After it was published in 1985, Pendragon won several industry awards, and reviewers highly recommended it; in following years, it was included in numerous "Best of" industry lists.

Pendragon has been lauded by pretty much everyone and has gotten as many awards as one of those Communist Russian generals have medals pinned to their chest (namely, A LOT). It's often considered one of the best RPGs out there but with a major caveat - the system is built to help facilitate a retelling of the Arthurian legends so a lot of things cannot be changed by the characters. Arthur will always become king, Guinevere will always fall in love with Lancelot, Galahad will always find the Holy Grail, and the Saxons will always be assholes.


The characters will have a large number of statistics, the core of which being their personality traits which are a set of thirteen opposing traits for things like Modest/Proud and Temperate/Indulgent. Each pair of traits will have 20 points allocated between them, almost all of them being determined by your character's culture and faith.

Then you have passions, things that drive your character such as "love for king," "love for family" and "seriously, fuck those Saxons. Next one I see I'll bash their fucking face in, I swear on me mum I will!"

You also have skills which range from the typical fighting skills like swordsmanship to more niche things like playing the lyre.

You also can have magic if you have the right supplements and you can alter your culture and faith as well so you could be from Aquitaine (Southern France), Byzantine (Eastern Roman Empire successor state based modern in Greece and Turkey) and Zazamanc (basically North African Berber).

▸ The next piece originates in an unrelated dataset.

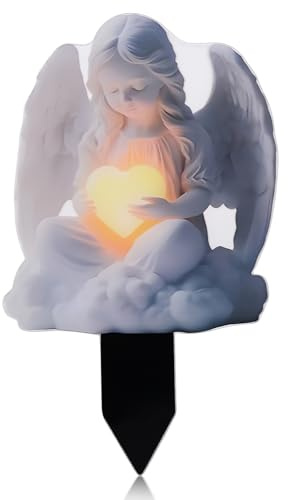 Cisolen Statuetta in miniatura a forma di angelo da giardino, decorazione per tomba, resistente alle intemperie, per cimitero, vaso da fiori, decorazione per vaso, fattoria, cimitero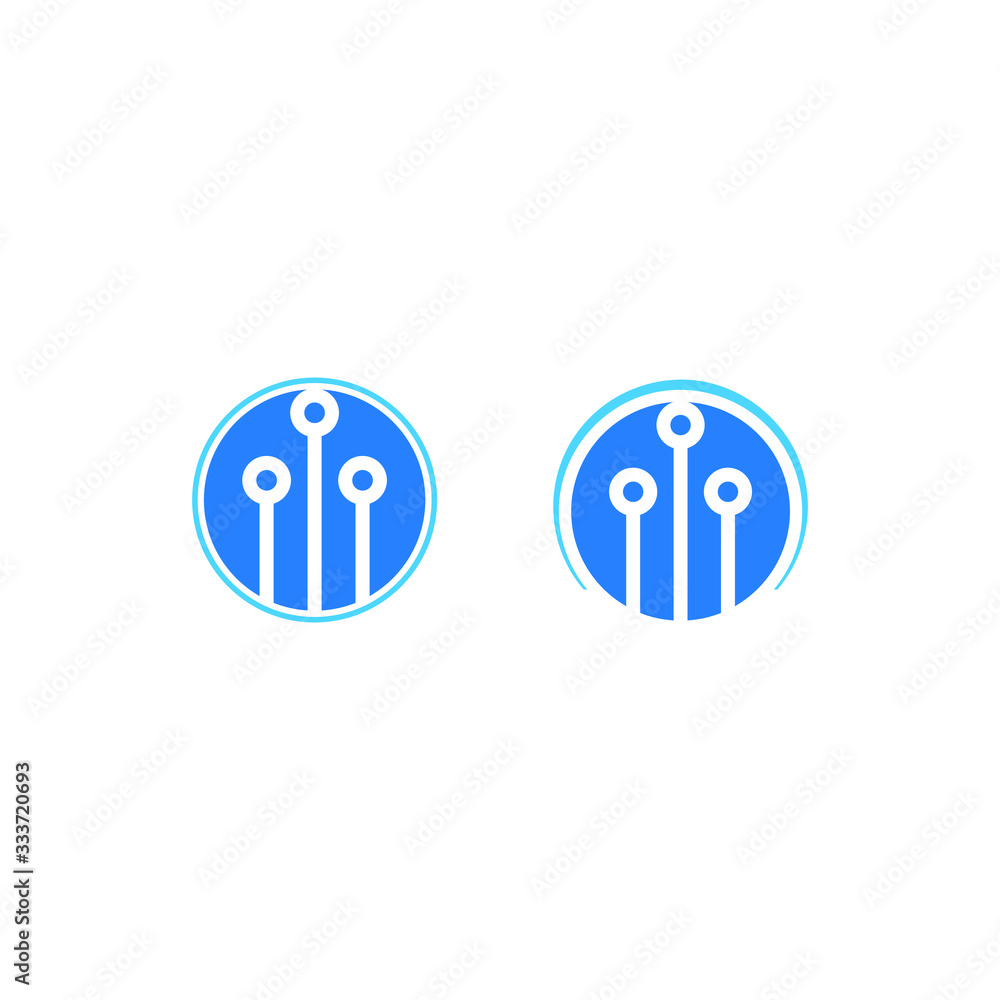 Circle technology icon. Network, communication, tech symbol. Stock illustration Circle technology icon. Network, communication, tech symbol. Stock illustration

There are also rules for playing a Lady of the Court (if you're not keen on playing a knight or you don't have a male heir, more on that in a moment) or even having faerie blood in you (which is not as fun as it sounds since fucking church bells can really screw with your character).

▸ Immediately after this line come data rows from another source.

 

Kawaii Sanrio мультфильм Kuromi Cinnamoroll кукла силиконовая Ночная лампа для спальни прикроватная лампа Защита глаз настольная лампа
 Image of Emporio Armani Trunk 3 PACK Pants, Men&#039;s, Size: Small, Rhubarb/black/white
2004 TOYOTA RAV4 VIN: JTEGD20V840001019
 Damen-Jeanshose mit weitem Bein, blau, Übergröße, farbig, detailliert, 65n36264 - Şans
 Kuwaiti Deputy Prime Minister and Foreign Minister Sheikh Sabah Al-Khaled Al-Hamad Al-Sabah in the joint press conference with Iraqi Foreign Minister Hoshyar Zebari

Each game session covers one in-game year (though sometimes you may need to do two sessions to cover that one year if you're on a particularly harrowing quest but need to stop for the night or something). The total number of sessions before the campaign is complete is about 90-100 sessions, so well over one year typically of IRL gaming. At the end of each session is the Winter Phase where your characters wine and dine with other knights and nobles, set up alliances and agreements, tend to your holdings, get married and have kids. Because of the length of time it's expected for the game to go, you're supposed to build a line of heirs to pick up and carry on the family legacy. It's fully possible to play a pagan knight under King Uther who dies, his Catholic son then taking up the family arms to try and carve out their own petty demesne before bending the knee to King Arthur, their daughter then going off to Camelot to rub shoulders with the ladies-in-waiting at court only to fall in love and marry a faerie knight and have their son become a Knight of the Round Table who goes questing with Galahad for the Holy Grail only to later see King Arthur ushered off to Avalon. That's just one path, but all sorts of crazy shit can crop that can make all that change.

The whole system is also based on a simple roll-under mechanic for any of your traits and usually opposed rolls for your skills. It's not hard though the character sheet and rulebook could do more to make things look a little easier.

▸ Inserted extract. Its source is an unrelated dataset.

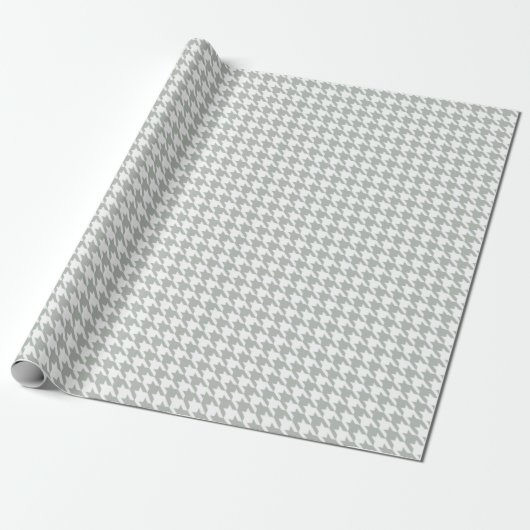 Houndstooth Silver Grey Wrapping Paper Cadeaupapier (Uitgerold)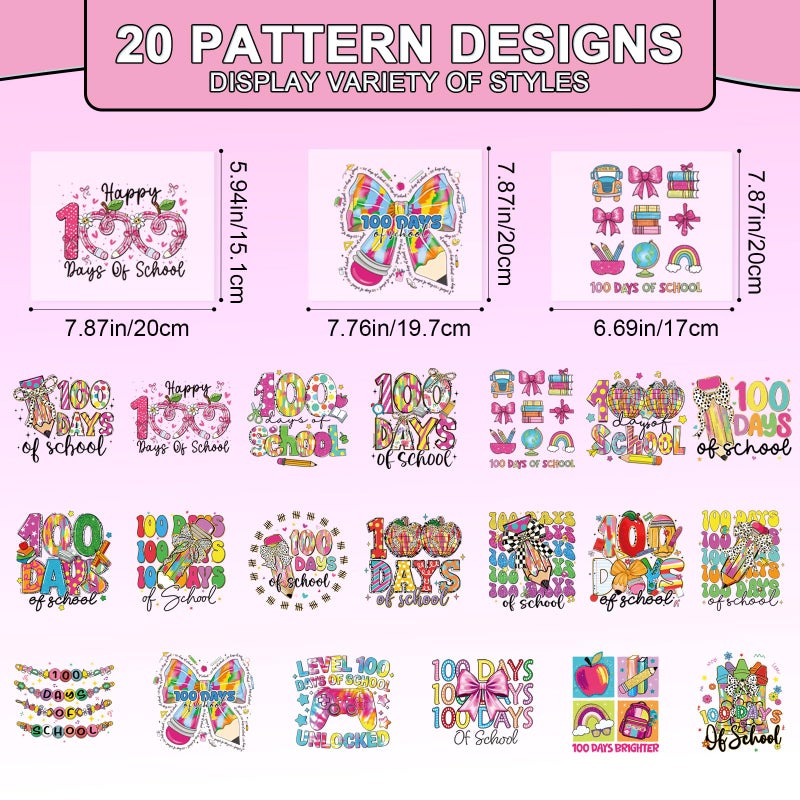 Shejdgart Dtf Transfers Ready to Press - 20 Pcs 100th Day of School Iron on Patches for T-Shirts, Back to School Iron on Stickers Colorful Heat Transfer Vinyl Decals for DIY Fabric Clothes Decor - Image 2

Character Creation Guide[edit]

In order to make things less overwhelming, here's a basic guide to character creation. This assumes 5.2 Edition, and hopefully some updates will be made for 6th when it comes out.


The main cultures are Cymric (Most of Britain), Irish (Ireland), Roman (Cities), Picts (Jagent and the North), Saxons (Surrey, Bennoc, and the Saxon Lands), and Aquitainian (Aquitaine). If you don't know what to play or just want the standard, play a Cymric knight. Irish are Cymric without Spear Expertise, Picts tend have interesting backstories and habits but are screwed over by dogshit Attributes, Romans are good healers and talkers, Aquitainians are every Frenchman stereotype in one, and Saxons are budget Vikings who about half of Logres gets to hate. In short, play Cymric.

Continental Cultures are interesting, but playing one is the equivalent of playing a Drow in D&D. That being said, try playing an Occitanian sometime. You literally get liking wine as your special ability.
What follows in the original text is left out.